Section 2 defines the physical and technical properties of both the FMI and KNMI models. Section 3 introduces the ob-servations and the. Jianmin Shao has written: 'A winter road surface temperature prediction model with comparison to others' Asked in Movies What are the release dates for Fall and Winter.

(1) The road surface temperature prediction model has been tested on data for two road weather stations in the summer and ation coefficients between prediction and observation of road surface temperature are about under three weather conditions (sunny, overcast, cloudy).Cited by:   The /05 winter was simulated with the ISBA-Route/Crocus coupled model to evaluate the simulated road surface temperature with data that were not available in real time and to assess the quality of the prediction of the snow by: A GIS-based model for the prediction of road surface temperature is presented that has the ability to explain up to 74% of the spatial variation in road surface temperature in the West Midlands, UK.

The approach combines basic spatial data sets with a synergy of surveying techniques to produce a geographical parameter database that drives the Cited by: establish the forecast model, learning models of the road surface temperature using three sets of input var-iables at a specific site were created.

These learning models were then applied to other sites along an ex-pressway, and the correct classification of the road surface temperature was examined. The results of the. conducted in order to better a forecast model on surface temperature predictions that was shown to be inaccurate.

Data was used from the – winter from three cities across Indiana. The data included variables such as air and surface temperatures, precipitation, wind speed, and other variables that could affect the road temperature.

A GIS-based model for the prediction of road surface temperature is presented that has the ability to explain up to 74% of. Operational experience with ICEWARN model (METRO-CZ) in comparison with other tools Henry Odbert (UK, Met Office) Verification results for road surface temperature forecasts utilizing mobile observations Bujňák, R., Vivoda, J., Application of a road weather forecast model at Slovak Hydrometeorological Institute.

levels of atmospheric stability. A numerical road weather model incorporating all eight parameters was run over 20 nights using forecast and retrospective meteorological data. The model has the ability to explain up to 72% of the variation in road surface temperature purely by thermally projecting surface temperature using geographical by: Virve Karsisto: FMI’s road weather model Abstract: Finnish Meteorological Institute’s (FMI) road weather model has been in operational use for almost 20 years.

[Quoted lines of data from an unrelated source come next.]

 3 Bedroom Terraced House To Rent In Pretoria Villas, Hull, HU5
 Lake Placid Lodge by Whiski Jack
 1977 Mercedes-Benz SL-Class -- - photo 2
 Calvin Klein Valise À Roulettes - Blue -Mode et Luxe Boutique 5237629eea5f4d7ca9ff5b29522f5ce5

The main outputs of the model are road surface temperature and amounts of water, snow and ice on the road. Based on these values, the model determines also the road condition (e.g.

wet. It is based on a 1D radiative transfer model that makes use of meteorological input from different numerical weather prediction models and the INCA-BE nowcasting model used by the RMI weather office.

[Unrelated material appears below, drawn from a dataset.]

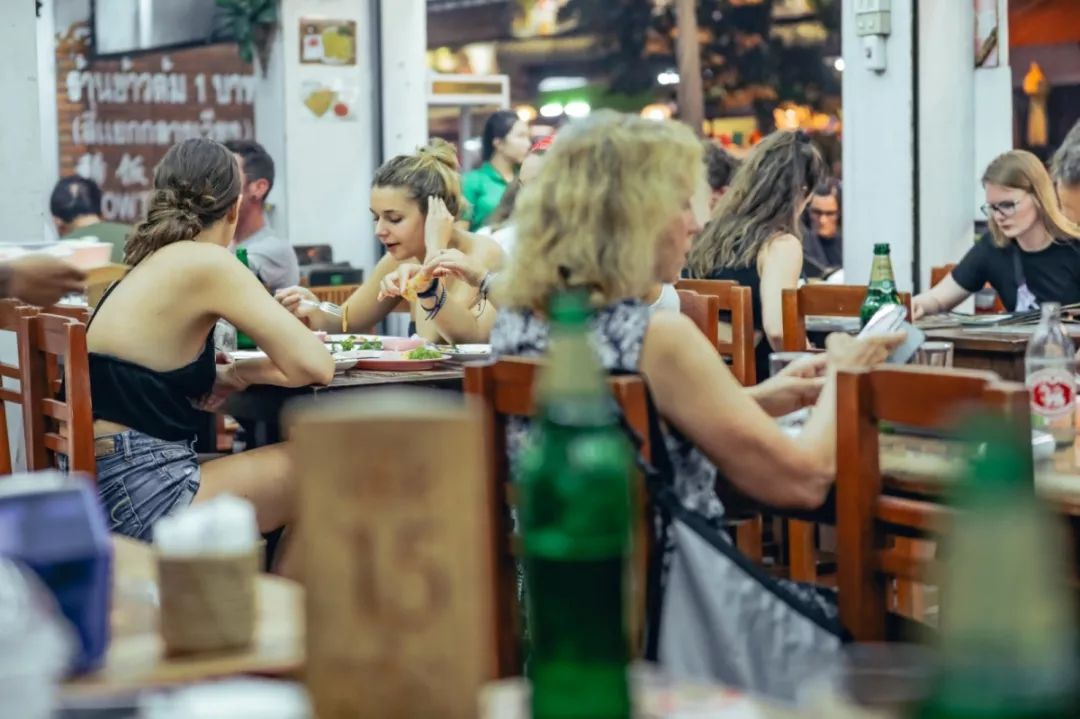 在清迈逛夜市感受泰国人慢生活,去清迈享受放下脚步的慢生活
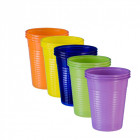 Пластмасови чашки - различни цветове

The output (road surface temperature and condition) is generated for about 90 road weather station locations in Flanders and 50 in Wallonia, and. Ice Prediction. • The key difference here was the inclusion of a forecast model.

• This was a simple 0D energy balance model which provided a site. specific 24 hour forecast of road surface temperatures. • This was issued at midday so that decisions regarding treatment.

for the forthcoming night could be made.Most accident prediction models belong to the count data regression models, in particular the negative binomial model, which assumes all data or cases are statistically independent.

This assumption, how-ever, may be violated when repeated observations over multiple periods (e.g., yearly accident counts) at the same locations (e.g.a prediction of road-surface temperature, as well as water, ice, or snow on the road, by the following calculations: FIGURE 2 Evolution during the last 3 hr of road temperature and dewpoint.

VRES-KOhm expresses the road surface condition by a resistance of electric current between two electrodes in road surface, but it remains at maximum value.